_Task directions_: Repeat the entries that appear below, exactly as they are given.

_Data supplied_:
%%
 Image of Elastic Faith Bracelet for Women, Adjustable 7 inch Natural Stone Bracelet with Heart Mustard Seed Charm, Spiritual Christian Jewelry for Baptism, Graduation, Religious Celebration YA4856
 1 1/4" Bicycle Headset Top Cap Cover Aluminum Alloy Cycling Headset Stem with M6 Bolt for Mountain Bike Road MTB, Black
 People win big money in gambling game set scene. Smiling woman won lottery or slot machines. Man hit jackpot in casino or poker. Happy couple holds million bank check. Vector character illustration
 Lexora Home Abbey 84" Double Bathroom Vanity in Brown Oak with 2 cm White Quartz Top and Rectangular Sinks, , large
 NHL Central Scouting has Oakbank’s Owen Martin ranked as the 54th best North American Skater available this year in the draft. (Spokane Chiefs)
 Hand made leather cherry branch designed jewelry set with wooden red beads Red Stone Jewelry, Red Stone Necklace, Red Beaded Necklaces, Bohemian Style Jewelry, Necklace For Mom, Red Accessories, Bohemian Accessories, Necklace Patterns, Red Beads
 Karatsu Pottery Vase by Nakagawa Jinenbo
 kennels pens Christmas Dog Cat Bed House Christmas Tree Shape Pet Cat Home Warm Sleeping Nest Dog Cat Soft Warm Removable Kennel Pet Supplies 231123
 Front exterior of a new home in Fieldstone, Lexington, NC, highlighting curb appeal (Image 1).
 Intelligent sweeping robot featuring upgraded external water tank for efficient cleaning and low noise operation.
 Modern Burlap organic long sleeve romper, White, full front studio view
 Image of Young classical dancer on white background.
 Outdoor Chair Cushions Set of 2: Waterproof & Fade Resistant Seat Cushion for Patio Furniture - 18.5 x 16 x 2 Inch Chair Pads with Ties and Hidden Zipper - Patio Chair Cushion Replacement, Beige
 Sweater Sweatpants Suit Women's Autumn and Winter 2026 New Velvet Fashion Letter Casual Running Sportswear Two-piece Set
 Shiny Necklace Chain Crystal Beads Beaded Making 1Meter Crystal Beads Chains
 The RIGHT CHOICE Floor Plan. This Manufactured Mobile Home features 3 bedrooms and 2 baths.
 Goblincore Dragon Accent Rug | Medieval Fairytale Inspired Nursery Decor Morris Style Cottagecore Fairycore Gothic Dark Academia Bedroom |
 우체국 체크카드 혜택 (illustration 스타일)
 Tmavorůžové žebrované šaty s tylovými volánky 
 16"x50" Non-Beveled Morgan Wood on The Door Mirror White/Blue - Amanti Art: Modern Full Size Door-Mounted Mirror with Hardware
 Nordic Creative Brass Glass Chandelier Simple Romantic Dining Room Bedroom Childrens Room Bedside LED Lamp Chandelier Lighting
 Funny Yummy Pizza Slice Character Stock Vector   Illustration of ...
%%
_Output for this exercise_:
 Image of Elastic Faith Bracelet for Women, Adjustable 7 inch Natural Stone Bracelet with Heart Mustard Seed Charm, Spiritual Christian Jewelry for Baptism, Graduation, Religious Celebration YA4856
 1 1/4" Bicycle Headset Top Cap Cover Aluminum Alloy Cycling Headset Stem with M6 Bolt for Mountain Bike Road MTB, Black
 People win big money in gambling game set scene. Smiling woman won lottery or slot machines. Man hit jackpot in casino or poker. Happy couple holds million bank check. Vector character illustration
 Lexora Home Abbey 84" Double Bathroom Vanity in Brown Oak with 2 cm White Quartz Top and Rectangular Sinks, , large
 NHL Central Scouting has Oakbank’s Owen Martin ranked as the 54th best North American Skater available this year in the draft. (Spokane Chiefs)
 Hand made leather cherry branch designed jewelry set with wooden red beads Red Stone Jewelry, Red Stone Necklace, Red Beaded Necklaces, Bohemian Style Jewelry, Necklace For Mom, Red Accessories, Bohemian Accessories, Necklace Patterns, Red Beads
 Karatsu Pottery Vase by Nakagawa Jinenbo
 kennels pens Christmas Dog Cat Bed House Christmas Tree Shape Pet Cat Home Warm Sleeping Nest Dog Cat Soft Warm Removable Kennel Pet Supplies 231123
 Front exterior of a new home in Fieldstone, Lexington, NC, highlighting curb appeal (Image 1).
 Intelligent sweeping robot featuring upgraded external water tank for efficient cleaning and low noise operation.
 Modern Burlap organic long sleeve romper, White, full front studio view
 Image of Young classical dancer on white background.
 Outdoor Chair Cushions Set of 2: Waterproof & Fade Resistant Seat Cushion for Patio Furniture - 18.5 x 16 x 2 Inch Chair Pads with Ties and Hidden Zipper - Patio Chair Cushion Replacement, Beige
 Sweater Sweatpants Suit Women's Autumn and Winter 2026 New Velvet Fashion Letter Casual Running Sportswear Two-piece Set
 Shiny Necklace Chain Crystal Beads Beaded Making 1Meter Crystal Beads Chains
 The RIGHT CHOICE Floor Plan. This Manufactured Mobile Home features 3 bedrooms and 2 baths.
 Goblincore Dragon Accent Rug | Medieval Fairytale Inspired Nursery Decor Morris Style Cottagecore Fairycore Gothic Dark Academia Bedroom |
 우체국 체크카드 혜택 (illustration 스타일)
 Tmavorůžové žebrované šaty s tylovými volánky 
 16"x50" Non-Beveled Morgan Wood on The Door Mirror White/Blue - Amanti Art: Modern Full Size Door-Mounted Mirror with Hardware
 Nordic Creative Brass Glass Chandelier Simple Romantic Dining Room Bedroom Childrens Room Bedside LED Lamp Chandelier Lighting
 Funny Yummy Pizza Slice Character Stock Vector   Illustration of ...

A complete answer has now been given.